Remontant loin dans l'histoire, les organisateurs, en l'occurrence l'Afvt
(Association française des victimes du terrorisme) et le NAVT (European network
of victims of terrorism), ont même invité des victimes des brigades rouges
italiennes, un homme dont le père a été tué en 1976. Mieux, ils ont exhumé
l'attentat du Milk bar d'Alger en 1956. Nicole Guiraud, âgée alors de 10 ans, y
avait perdu un bras. Son témoignage, destiné à émouvoir le plus grand nombre, a
du coup éclipsé celui de Pierre-François Ikias, un Congolais qui a perdu sept
membres de sa famille lors de l'attentat du DC10, et qui n'a pas trouvé les
mots pour dire sa peine. «Pourquoi dans ce cas ne pas avoir invité des victimes
de l'OAS ?», interrogera une journaliste. «Pas le temps...», se justifie
maladroitement Guillaume Benoit de Saint-Marc, président de l'AFVT. Et celles
des attentats en Corse, questionnera un autre ? «Pas nombreux... Et puis en
Corse, il y a aussi la mafia (sic) », rétorque confusément le même
interlocuteur. Quant à Chérifa Kheddar, visiblement pas sur le même registre
dans ce panel, n'a pas réussi à porter le débat sur les thèmes qui la
préoccupent : l'impunité et le déni. «On assiste à une négation officielle de
ce qui s'est passé», a-t-elle déclaré.

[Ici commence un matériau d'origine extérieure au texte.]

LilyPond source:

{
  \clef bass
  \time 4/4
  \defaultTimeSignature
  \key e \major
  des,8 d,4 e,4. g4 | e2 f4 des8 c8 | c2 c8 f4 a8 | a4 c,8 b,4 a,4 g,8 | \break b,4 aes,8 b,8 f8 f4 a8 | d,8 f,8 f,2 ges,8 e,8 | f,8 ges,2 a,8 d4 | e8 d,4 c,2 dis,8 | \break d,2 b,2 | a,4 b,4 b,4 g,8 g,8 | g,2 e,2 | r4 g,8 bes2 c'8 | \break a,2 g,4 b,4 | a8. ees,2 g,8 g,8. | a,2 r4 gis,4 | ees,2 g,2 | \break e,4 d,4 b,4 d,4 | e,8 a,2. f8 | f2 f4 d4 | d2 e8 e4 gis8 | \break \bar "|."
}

En ces temps de réconciliation forcée,
«personne ne veut nous écouter. Les victimes et les terroristes sont renvoyés
dos à dos. Les victimes ne sont pas reconnues en tant que telle parce qu'on
veut occulter l'histoire ; leur douleur n'est pas respectée. Pis, maintenant on
nous interdit même d'en parler. Ainsi, s'il n'ya pas de témoins, pas de
violence...».
Pourtant, si les victimes
arrivent, malgré tout, à décrire leur situation, le cafouillage est total
lorsqu'il s'agit de théoriser le phénomène du terrorisme. «Comment le définir
?». C'est la question à laquelle se sont heurtés tous les spécialistes, fonctionnaires
d'instances internationales fussent-ils ou chercheurs. «A la suite des
attentats de Londres et de Madrid, l'Europe a bien essayé d'élaborer une
stratégie pour lutter contre le terrorisme au niveau européen, mais elle n'a
pas réussi à se mettre d'accord sur un cadre juridique réel», avoue Marie-Ange
Balbinot, chef de secteur dans l'unité de lutte contre le terrorisme et
Directeur général Justice-Liberté-Sécurité à la Commission européenne. Elle a
en tout cas réussi à éviter l'écueil sur lequel voulaient la faire buter de
nombreux participants, à savoir désigner un coupable du terrorisme
international, lequel est évidement tout trouvé : La Libye et son président,
Mouammar Khaddafi. L'historienne et présidente du Mouvement pour la paix et
contre le terrorisme, Malka Markovic, n'a pas pris de gants, elle, pour
dénoncer la «réalpolitique qui consiste à réhabiliter le guide libyen sur la
scène internationale». Selon elle, «l'enjeu politique dépasse le cadre
européen...».
Interrogé sur ce que pense «la
rue arabe» du terrorisme, Henry Laurens, professeur au Collège de France,
spécialiste du Moyen-Orient et président de l'Association Samir Kassir,
rappelle que : «parmi les leaders arabes, personne ne reconnait être
responsable de terrorisme. Pour eux, il s'agit d'actes révolutionnaires ou de
guerre. Il y a un problème de vocabulaire. Les acteurs ont leur définition
propre de ces actes et les chercheurs en sciences sociales ont la leur. Toute
la difficulté est qu'il n'existe pas de définition juste». Il n'hésitera pas
toutefois à accuser indirectement El Djazira, «par sa façon de montrer
certaines images», d'encourager le terrorisme. Lors des attentats du 11
septembre, à Beyrouth, tout les Libanais, chrétiens et musulmans, étaient
contents parce que, pour une fois, c'étaient les autres qui étaient visés».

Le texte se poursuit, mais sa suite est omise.